§ TO DO: Look through the records below, count the lines with the word "water", and reply with only the number.

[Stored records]

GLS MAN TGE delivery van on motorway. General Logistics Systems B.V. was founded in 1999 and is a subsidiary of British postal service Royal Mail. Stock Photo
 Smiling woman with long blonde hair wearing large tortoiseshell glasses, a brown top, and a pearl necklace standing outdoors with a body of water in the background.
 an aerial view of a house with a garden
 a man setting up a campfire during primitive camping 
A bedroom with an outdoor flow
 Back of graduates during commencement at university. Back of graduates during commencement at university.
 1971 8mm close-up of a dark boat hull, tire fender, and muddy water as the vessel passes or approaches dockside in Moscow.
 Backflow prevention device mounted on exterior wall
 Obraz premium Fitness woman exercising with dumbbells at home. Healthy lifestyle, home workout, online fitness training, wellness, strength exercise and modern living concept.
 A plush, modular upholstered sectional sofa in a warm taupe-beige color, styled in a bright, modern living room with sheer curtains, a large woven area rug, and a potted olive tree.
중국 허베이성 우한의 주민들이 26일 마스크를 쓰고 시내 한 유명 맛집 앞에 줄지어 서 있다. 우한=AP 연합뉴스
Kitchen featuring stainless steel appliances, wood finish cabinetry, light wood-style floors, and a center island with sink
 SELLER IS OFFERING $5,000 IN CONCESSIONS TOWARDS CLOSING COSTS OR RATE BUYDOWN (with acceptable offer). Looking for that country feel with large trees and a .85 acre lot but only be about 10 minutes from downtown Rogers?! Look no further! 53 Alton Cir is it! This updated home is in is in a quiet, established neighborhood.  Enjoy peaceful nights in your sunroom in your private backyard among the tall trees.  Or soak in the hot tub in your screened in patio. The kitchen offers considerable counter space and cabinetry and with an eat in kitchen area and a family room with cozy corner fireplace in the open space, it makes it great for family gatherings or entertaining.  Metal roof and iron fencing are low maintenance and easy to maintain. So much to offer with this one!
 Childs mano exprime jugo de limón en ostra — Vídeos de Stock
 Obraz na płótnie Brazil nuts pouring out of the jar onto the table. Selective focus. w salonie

§ RESULT OF THE TASK: 2